27 Jan 2024

The passage covers the announcement of Jesus’ birth to Mary, her visit to Elizabeth and Mary’s “Magnificat” of Praise.
We see the contrast between Mary’s reaction and Zechariah’s reaction following the visits and announcements of the angel to both of them.
We see the simplicity and sincerity of Mary’s faith in the Lord – a simplicity and sincerity we might well emulate. Trust and faith in God is not dependent on age, rank, or position. Mary was not so concerned about how she could explain to Joseph or how she could face the shame of being unmarried and pregnant – she simply wondered how God will perform this miracle and make her, a virgin, mother of the Messiah. When Gabriel explains the miracle, Mary’s response immediately was, “I am the Lord’s servant” (v38).
A servant is one who does the will of his or her master and sets aside personal concerns in order to fulfil any commission given by the master, even when the task involves personal inconvenience, pain, misunderstanding from others, and even ridicule and suffering of various kinds. How do we fare when compared to Mary? Do we often query God with ‘anger’,’bitterness’, ‘fear’, and like Moses in the OT before his calling, we ask God to send somebody else, and we give all sorts of reasons why the task should not involve us, and why God should not allow us to be in such a predicament?
Mary’s response was one that commits herself fully to do God’s will, whatever the personal cost. It reminds us of one unparalleled response: the response of Jesus in the garden of Gethsemane when He said to the Father, “Not my will, but Thy will be done”. In the face of pain and suffering of the highest degree, Jesus, in His love for His Father, and in His love for mankind (including us), made the decision to go to the cross, even if means drinking “the cup of wrath”, and even if it means bearing the sins of all generations of the human race, and “being separated from the Father” with whom He has intimate eternal fellowship – none can fathom the depths of His suffering for the descendants of Adam and Eve after the Fall. In comparison, we often abandon ‘trust in God’ and ‘faith in God’ for the slightest pain (in comparison to His) in our life, and seek to respond with unbelief and self-centeredness.

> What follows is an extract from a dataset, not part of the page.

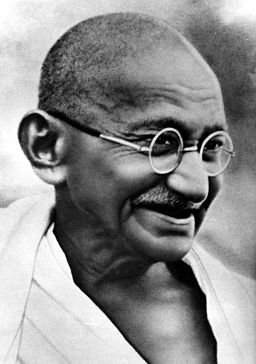 Photograph of Gandhi, smiling, with round glasses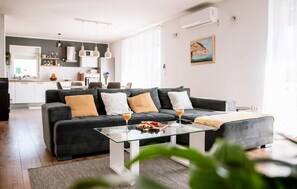Een moderne woonkamer met een donkergrijze bank, een glazen salontafel en een keuken op de achtergrond.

In Mary’s Magnificat (vv46-55), one of the most impressive elements of Mary’s praise is its saturation with Old Testament phrases and concepts. Even the construction of thoughts clearly echoes patterns found in the psalms and in the Old Testament Scripture (Ps.34:3;Ps. 69:30; Ps.71:19; Isa.42:13 etc.). Some have queried how a young girl, probably in her early teens at that time, could have spontaneously produced a pem of such depth and so filled with biblical allusion. We need to remember two things: the Jews in the first century remained at heart a theocratic community; it was their relationship with God that gave them their identity as a people, but also was the foundation of their hope for the future. They were truly a people of the Book, and biblical phrases and images were woven into daily speech, memorised and sung, and discussed in the synagogue every Sabbath.
The second thing is that Mary was a young woman of deep faith and spiritual insight – she was an exceptional person. On her way to visit her cousin Elizabeth, a journey of about three to four days, Mary composed these wonderful words of praise (no doubt with the enabling of the Holy Spirit).

This is a challenge to us today: if we expect to be used by God in our day, we need not be great in the eyes of the world, but we must saturate ourselves with the Scriptures until the thoughts and concepts revealed by God become an integral part of our hearts and minds too.